> TASK GOAL
Skipping any pictures, give all of the records below again exactly.

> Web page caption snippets
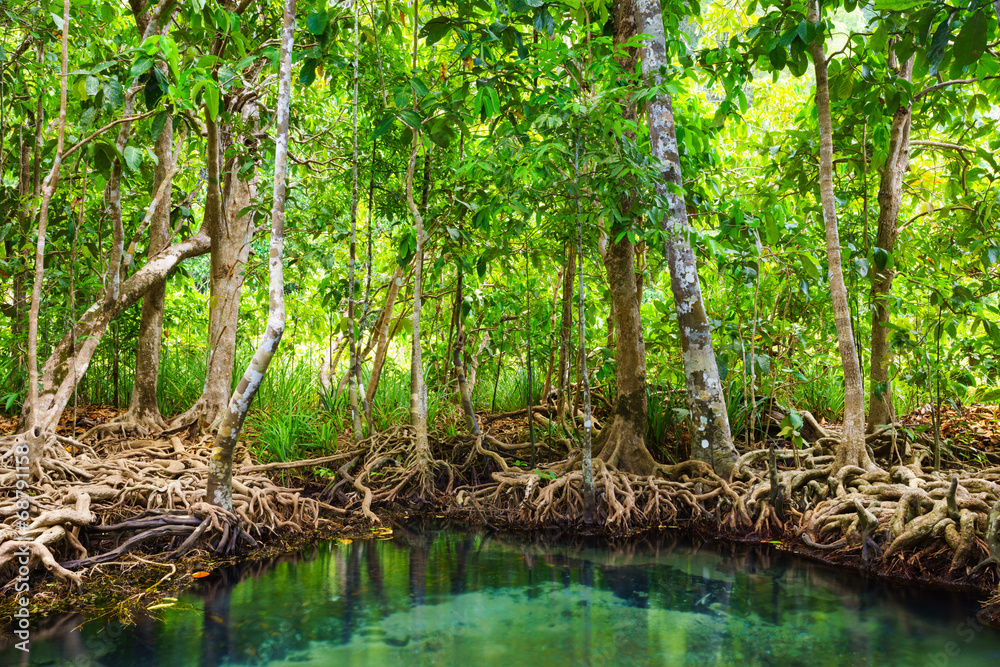 Tha Pom, the mangrove forest in Krabi, Thailand Tha Pom, the mangrove forest in Krabi, Thailand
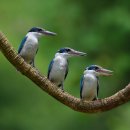 collared kingfisher(물총새) 이미지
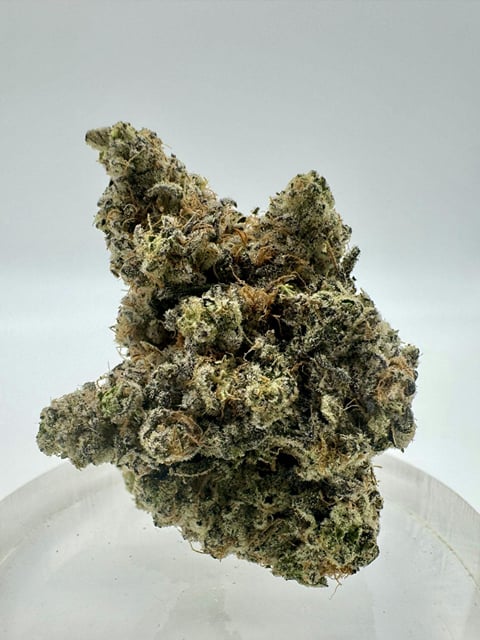 LA Pop Rockz - Exotic Indoor Flower - 14g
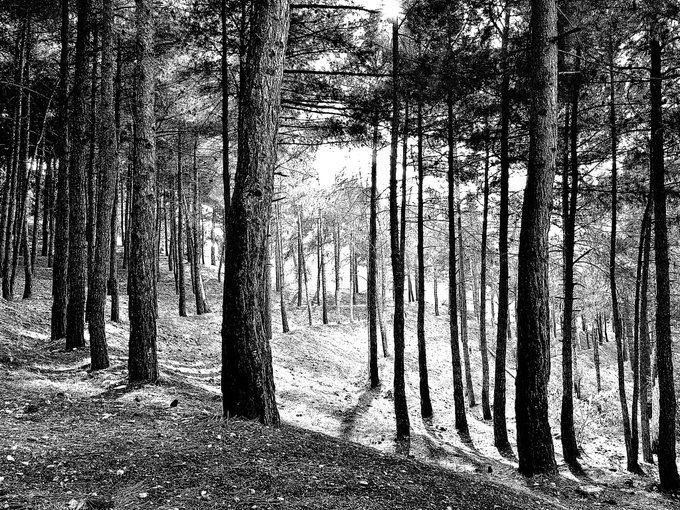 A black and white photograph of a pine forest with tall, slender trees casting long shadows on a sloping, sun-dappled forest floor.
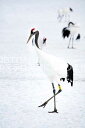 【日本の風景ポストカード】北海道鶴居村タンチョウのはがきハガキ葉書 撮影/photo by SHIGERU MURASHIGE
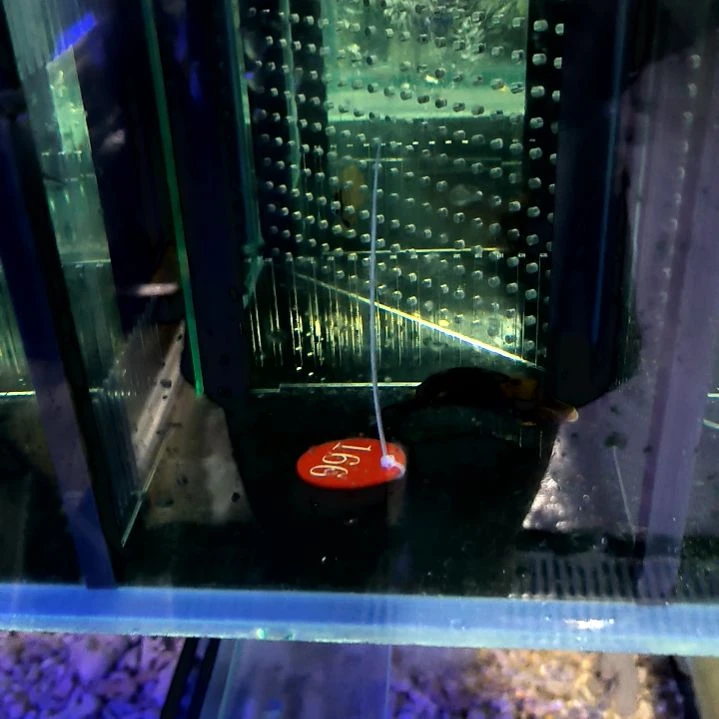 天狗吊7+/6-74-166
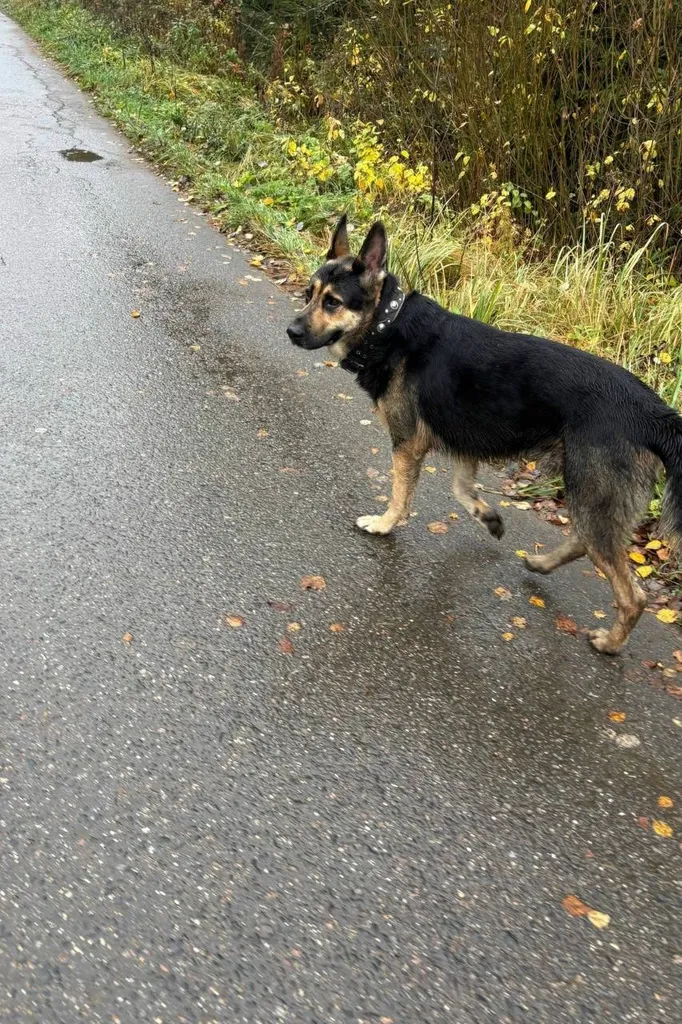 Found dog, метис овчарки in Sokolovo — identification photo, lost & found pet database Pathfinder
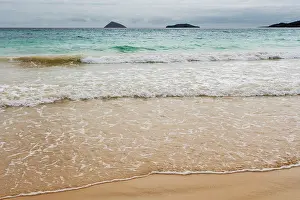Galapagos: Floreana Island, Galapagos islands, Ecuador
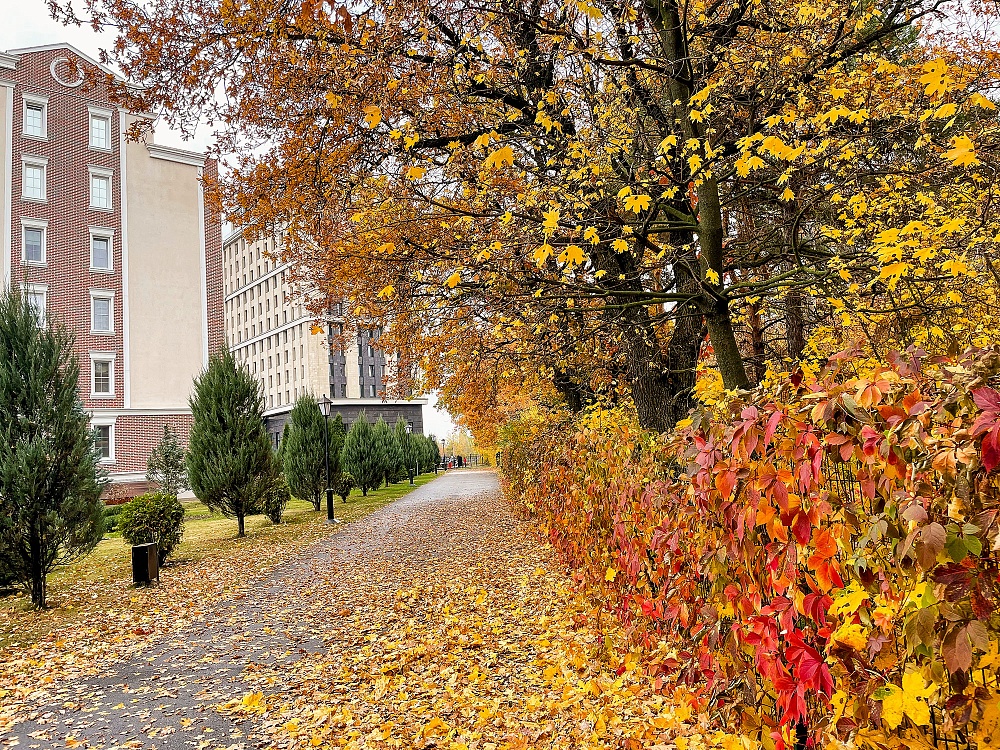 Осенние улицы парка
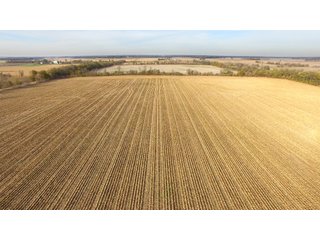 Property photo 14 - REAL ESTATE AUCTION - 100+/- ACRES OFFERED IN 3 TRACTS IN NEWTON COUNTY, INDIANA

> PROBLEM SOLUTION
 Tha Pom, the mangrove forest in Krabi, Thailand Tha Pom, the mangrove forest in Krabi, Thailand
 collared kingfisher(물총새) 이미지
 LA Pop Rockz - Exotic Indoor Flower - 14g
 A black and white photograph of a pine forest with tall, slender trees casting long shadows on a sloping, sun-dappled forest floor.
 【日本の風景ポストカード】北海道鶴居村タンチョウのはがきハガキ葉書 撮影/photo by SHIGERU MURASHIGE
 天狗吊7+/6-74-166
 Found dog, метис овчарки in Sokolovo — identification photo, lost & found pet database Pathfinder
Galapagos: Floreana Island, Galapagos islands, Ecuador
 Осенние улицы парка
 Property photo 14 - REAL ESTATE AUCTION - 100+/- ACRES OFFERED IN 3 TRACTS IN NEWTON COUNTY, INDIANA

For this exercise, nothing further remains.